-- EXERCISE MATERIALS --
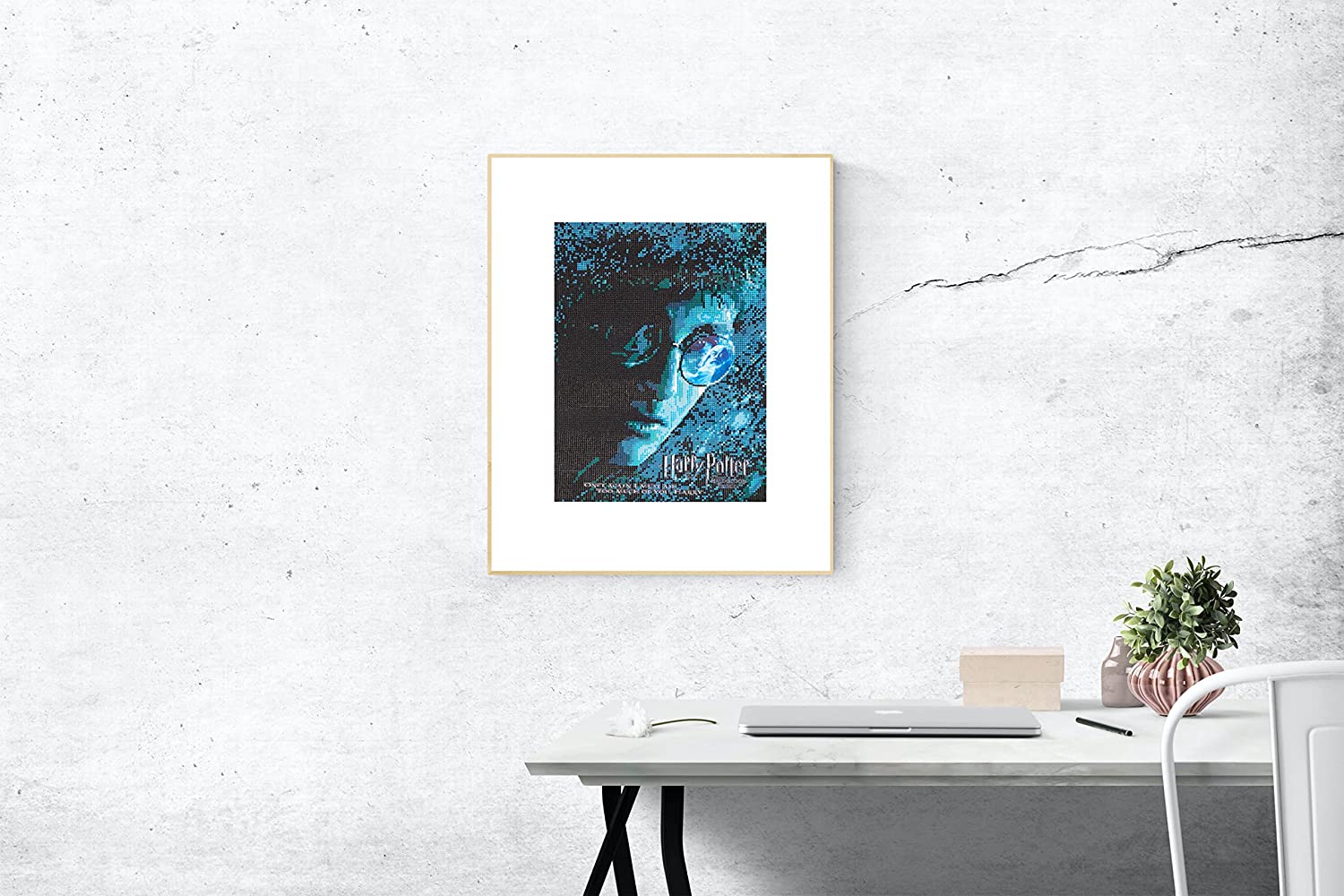 DIAMANTINY Harry Potter – Wizarding Art Medium Il Principe Mezzosangue –  Kit crea il Mosaico, Attività Crystal Art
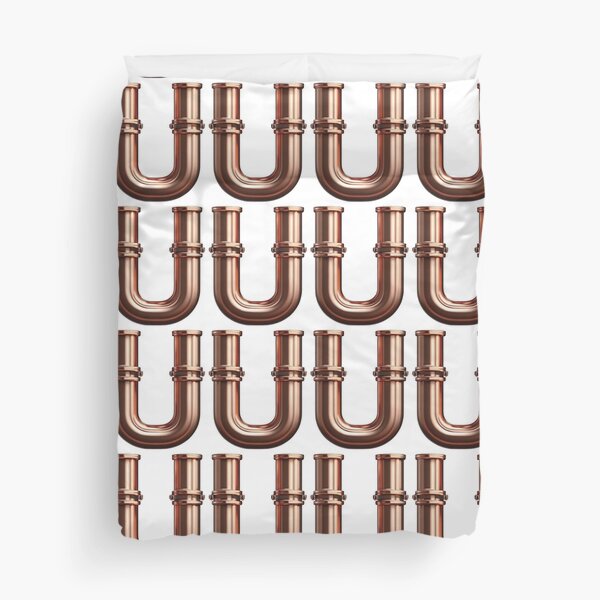 PIPES LETTER U Duvet Cover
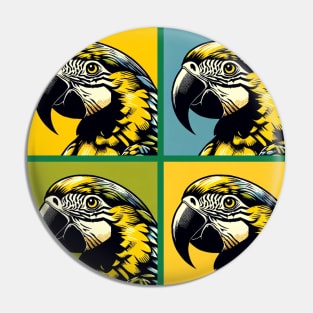 Pop Yellow-Naped Amazon Art - Cool Birds Pin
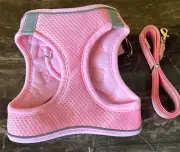 Dog Harness Large Mesh No Pull Adjustable Reflective Step-in Lightweight.pink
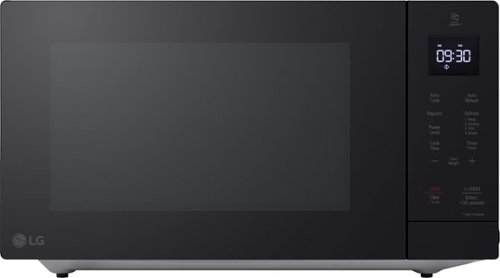 LG - 1.1 Cu. Ft. Countertop Microwave with Easy Clean and Auto Cook - Black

-- EXERCISE INSTRUCTIONS --
Where the line holding "Dog Harness Large" appears, start copying, and continue exactly through the last line of the listing, both ends included, skipping the pictures.

-- ANSWER TO THIS PROBLEM --
 Dog Harness Large Mesh No Pull Adjustable Reflective Step-in Lightweight.pink
 LG - 1.1 Cu. Ft. Countertop Microwave with Easy Clean and Auto Cook - Black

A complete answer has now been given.